Num filme em que todos os homens heterossexuais são odiosos, não é de admirar que a heroína tenha transado com um peixe

Por Maicon Tenfen 5 mar 2018, 07h33

Escrita em 1921, Seis Personagens à Procura de um Autor é a obra máxima de Luigi Pirandello. O título é em si uma sinopse: meia-dúzia de criaturas fictícias tenta convencer um diretor de teatro a empregá-las na sua próxima peça. O diretor ralha com os visitantes e ordena que se retirem, mas aos poucos vai se deixando envolver por personagens que — então entendemos — foram abandonados pelo próprio autor. Um pai cheio de remorsos e uma mãe mergulhada em dores se veem às voltas com segredos que pouco a pouco serão revelados numa discussão entre os filhos e a enteada vingativa. O que começa como uma comédia do absurdo termina como uma tragédia eivada de dramas universais.

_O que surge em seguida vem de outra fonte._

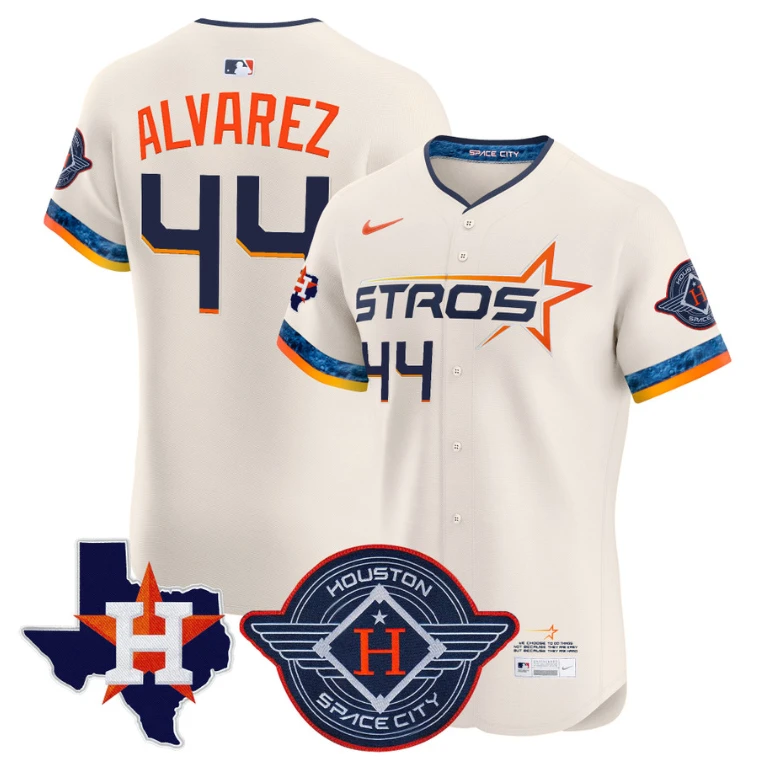 Yordan Álvarez Jersey #44 Houston Astros 2025 City Connect Texas Patch Premier Elite Stitched Cream by My Store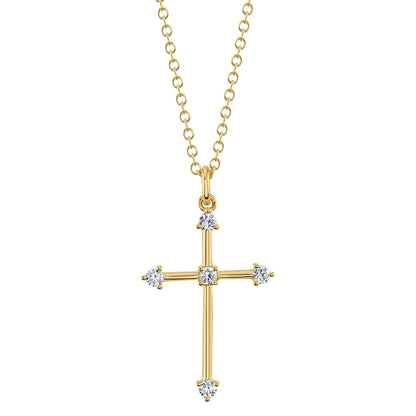 0.13CT 14K Y/G DIAMOND CROSS NECKLACE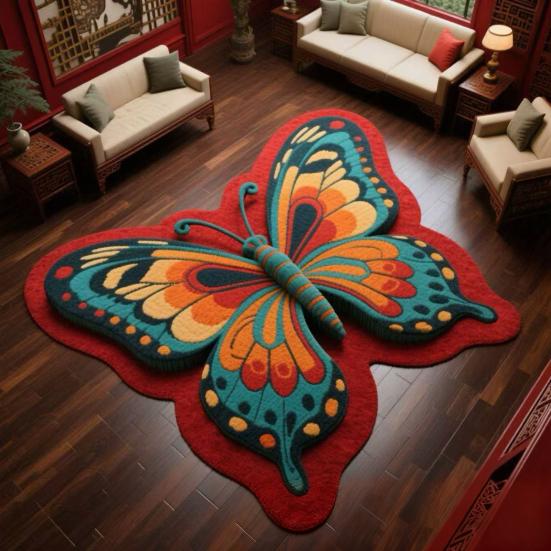 Коврик для пола Бабочка Впитывающий Коврик для ванной Нескользящий Декоративный Коврик Бабочка для Душа Спальни Гостиной Балкона Прихожей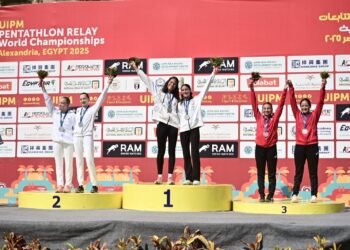 زينة عامروچنا عطية تتوجان بذهبية تتابع الناشئات ببطولة العالم للتتابعات للخماسي الحديث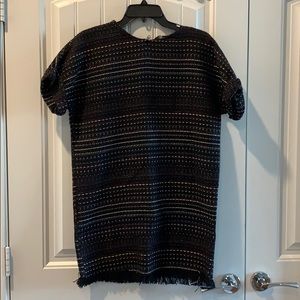 🟢 New Zara Tweed Black Stripes Gold Blue Red Dress S
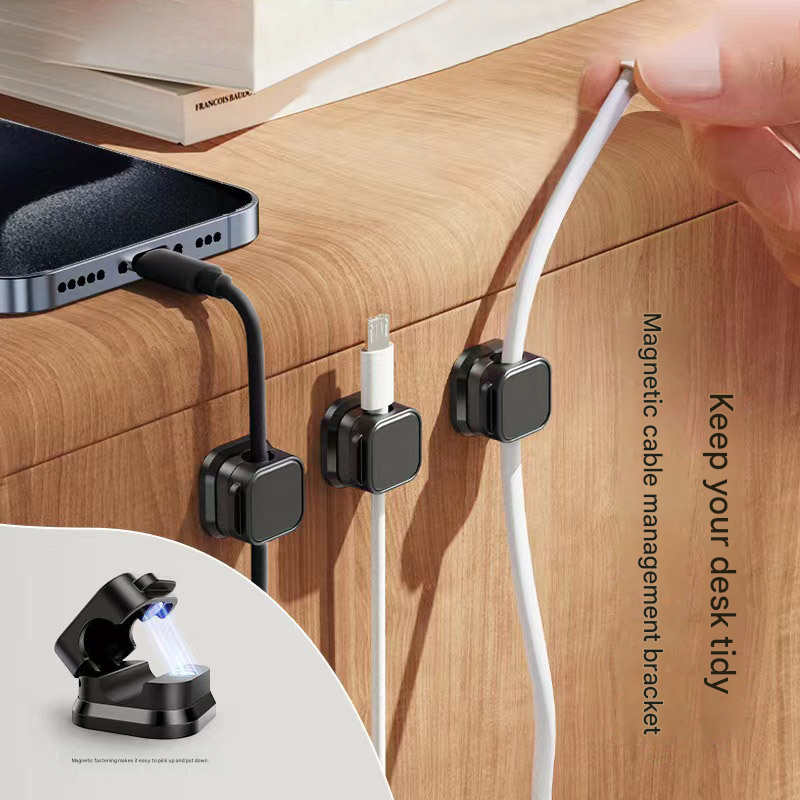 24 Pack Magnetic Cable Organizer Clips with 12 Black and 12 White Pieces view 3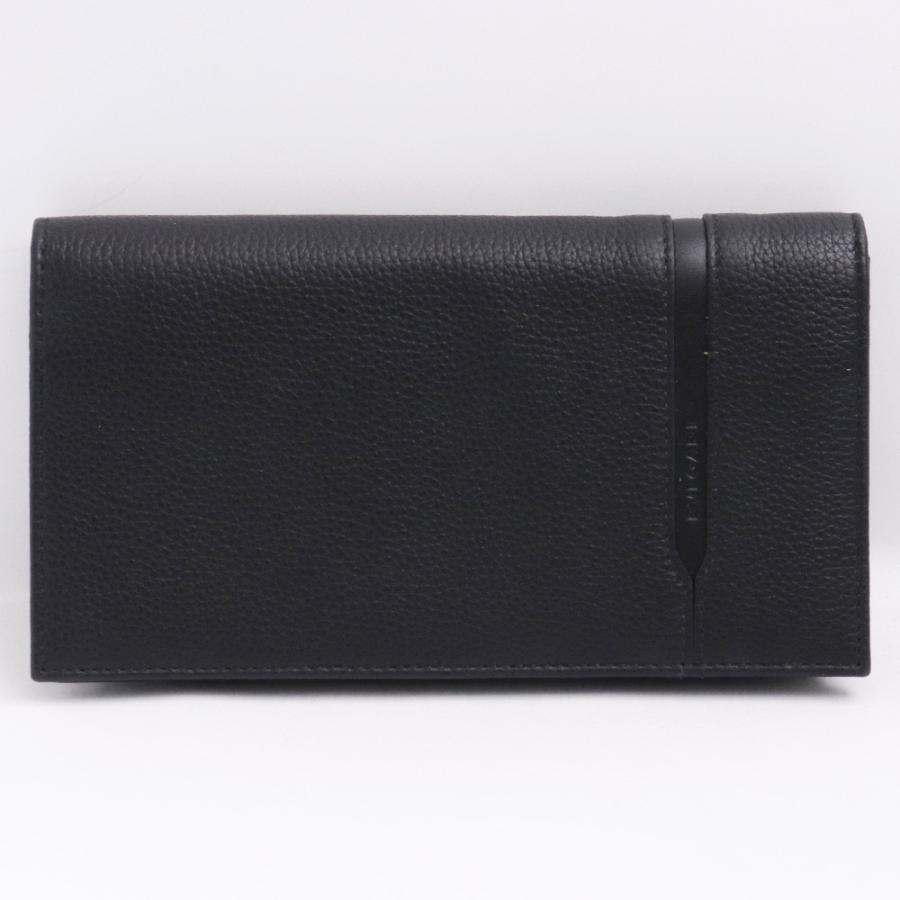 BVLGARI 二つ折り長財布 オクト ブラック 36966 ブルガリ 型押しロゴ  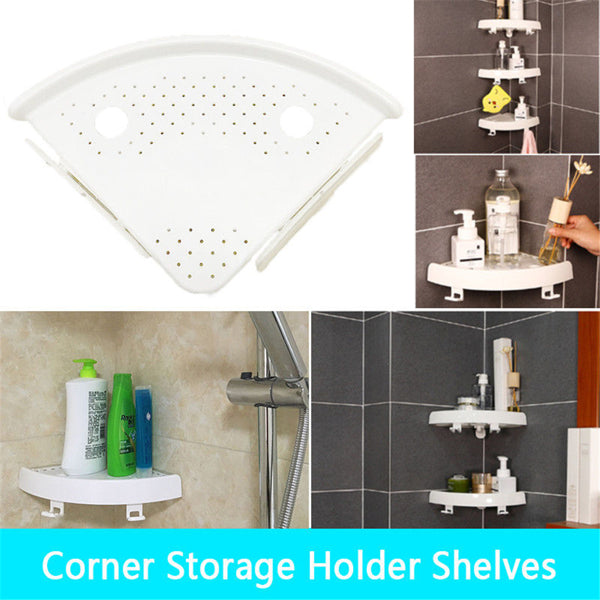 Bathroom corner shelf organizer with hooks, white plastic, easy no-drill installation, corner space-saving design with drainage holes.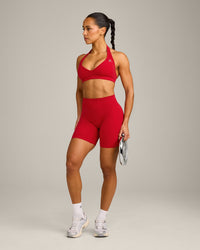 EffortlessLift™ Seamless Mid Rise Shorts with Grey Logo | Fiery Red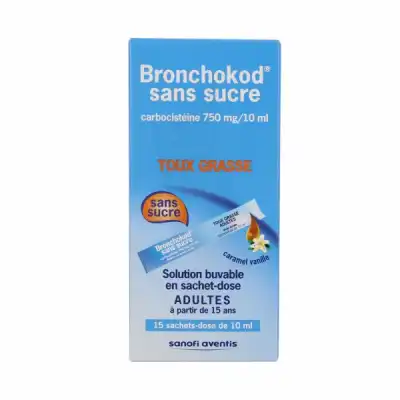 BRONCHOKOD 750 mg/10 ml ADULTES SANS SUCRE CARAMEL VANILLE, solution buvable en sachet-dose édulcorée à la saccharine sodique, au sorbitol et au maltitol liquide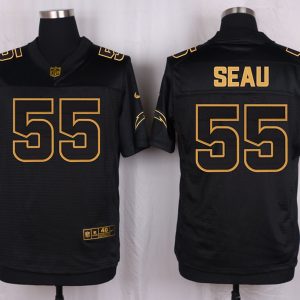 Mens San Diego Chargers #55 Seau Pro Line Black Gold Collection Jersey
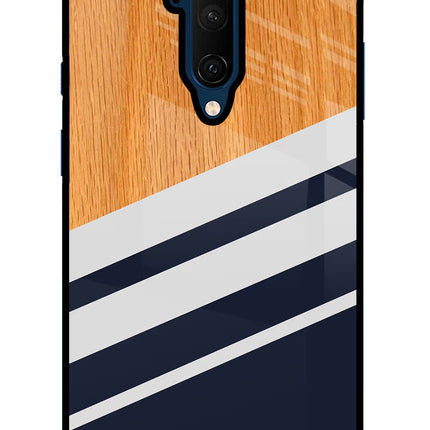 Blue and white wooden Oneplus 7T Pro Glass Case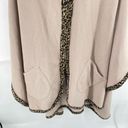 Moda Le  Womens Wrap blanket Sweater Leopard Trim Full Zip Pocket Beige Tan One S Photo 8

O que aconteceria se Pirandello estivesse vivo e resolvesse compor a sua obra-prima em 2018? Não é difícil imaginar a resposta diante da politização estéril das narrativas atuais. Entre as personagens que se apresentariam ao diretor, com certeza estaria uma portadora de necessidades especiais (mudez, por exemplo), uma mulher negra oprimida pelo marido, um gay na terceira idade e até um espião comunista que desistiu de comer criancinhas para se transformar em amante da natureza. Também é fácil imaginar a reação de Pirandello ao ouvir as súplicas de personagens que, se não foram abandonadas por dramaturgos de verdade, foram por autores de cartilhas civilizatórias que desejam construir um mundo melhor.

— Não posso usar todos vocês na peça — diria o escritor. — O sistema de cotas não combina com a arte.

— Ah, é? Então vamos denunciar o senhor nas redes sociais e mostrar ao mundo a sua personalidade autoritária.

— Olha, gente, não é nada pessoal, nem racial e muito menos político, mas vocês são certinhos demais, são previsíveis, não possuem densidade dramática, não dá pra contar uma boa história com estereótipos tão evidentes.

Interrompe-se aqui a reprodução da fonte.